The DACA program involves people who came here at an age when they had no control, who have lived their lives here, who haven’t done anything wrong, and who have enough education to be (as much as can we can tell) on a path to contributing to the economy. Obviously that just talks about the people, not the issues surrounding them.
The primary issue is what this says about immigration. The answer is actually not much.
– This isn’t saying anything about open borders. No one on any side is supporting that.
– This isn’t letting the parents on or off the hook. That’s a tricky question, but no one is making them citizens. The parents are not the issue.
– This isn’t giving future waves of immigrants a reason to come here. By now this is anything but a sure thing, and there are plenty of other reasons for people to come.
– This isn’t an attack on the rule of law. It’s a case of clemency like any other, where there are arguments for and against. They didn’t deliberately break the law and have thus far been decent people.
– Most of the stated concerns about foreign immigration don’t apply here. They’re not culturally different, they speak English, they haven’t taken anyone’s jobs away, and they personally haven’t broken the law. Their departure is not going to make other peoples’ lives better.
– As for the most basic argument—that’s 700,000 more immigrants we don’t need—the fact is that most of the population fits the category of people whose ancestors came from places where they weren’t on the top of the heap.
What is true is that deporting them is enough of a moral issue that we ought to think about it. We are talking about sending people to a country they don’t know with a language they don’t speak and washing our hands of the whole affair.

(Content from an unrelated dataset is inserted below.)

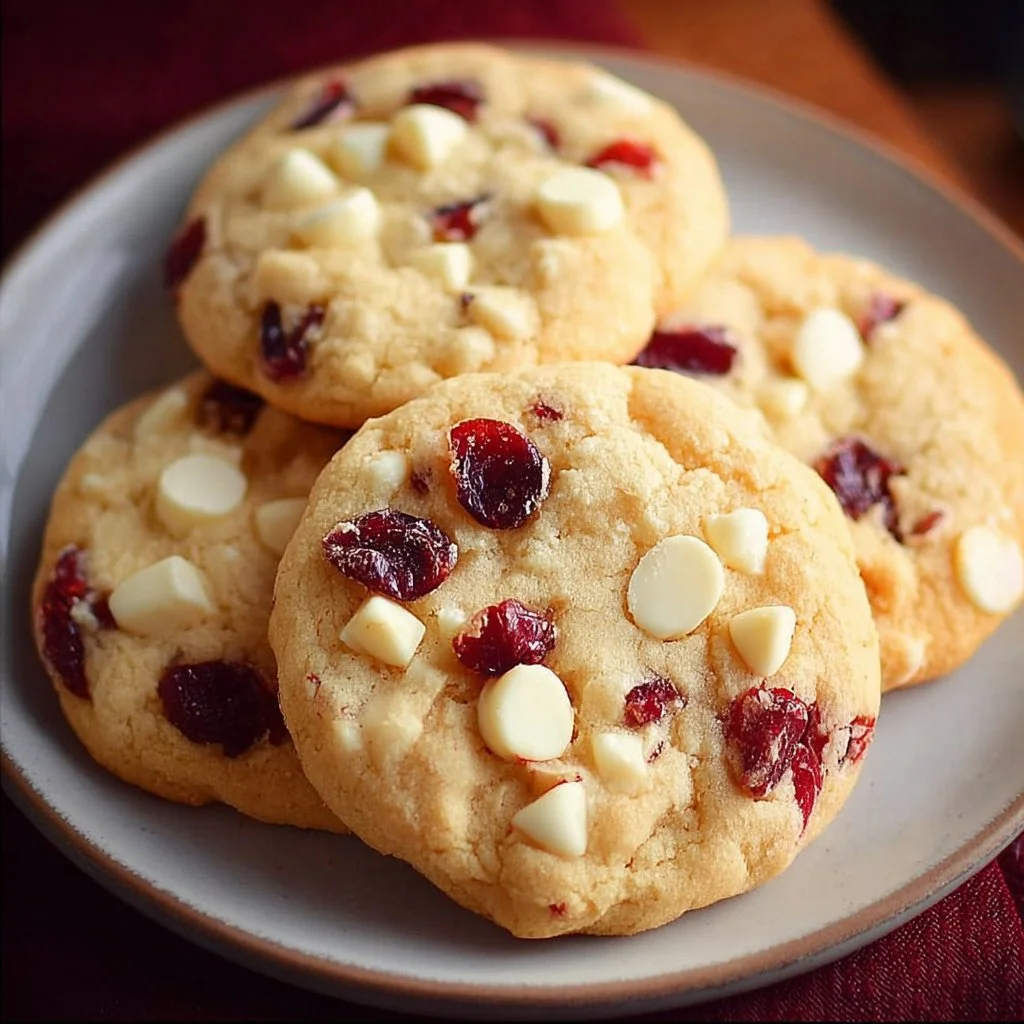 Freshly baked white chocolate cranberry cookies on a cooling rack.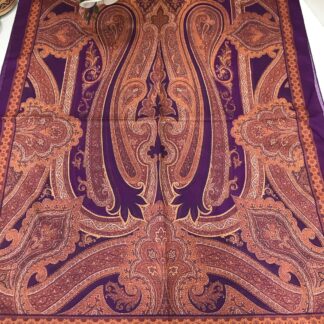 Etro Pamuk İpek Şal -987654 Mor turuncu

There is no actual hurt from these people. Most of the country doesn’t seem to want that, but it seems we’re doing it because we can.
What kind of a country does that? There’s an answer to that question, step-by-step:
– It’s a country where immigration officials have been encouraged to treat anyone who comes through their hands as a potential criminal without rights.

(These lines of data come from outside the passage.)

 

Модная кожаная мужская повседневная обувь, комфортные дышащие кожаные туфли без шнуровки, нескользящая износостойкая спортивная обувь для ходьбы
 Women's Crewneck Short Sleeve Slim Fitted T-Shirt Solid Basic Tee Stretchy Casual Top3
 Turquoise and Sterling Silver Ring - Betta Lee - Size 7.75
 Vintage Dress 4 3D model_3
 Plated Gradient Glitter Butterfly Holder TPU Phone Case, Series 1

– It’s a country that’s doing everything possible to give up on support of the poor.
– It’s a country actively backing away from support of education, healthcare, social security, and the middle class just generally.
– It’s a country moving toward a level of inequality unheard-of since the 19th century—where slogans about benefits for everyone are as false now as they were then.
It’s no accident that such a country would want to demonize the DACA people. The less people think about human consequences the better. Let the others think it’s still their country.
We should think carefully about the DACA people. They’re not the right targets for outrage. And it’s not just about them.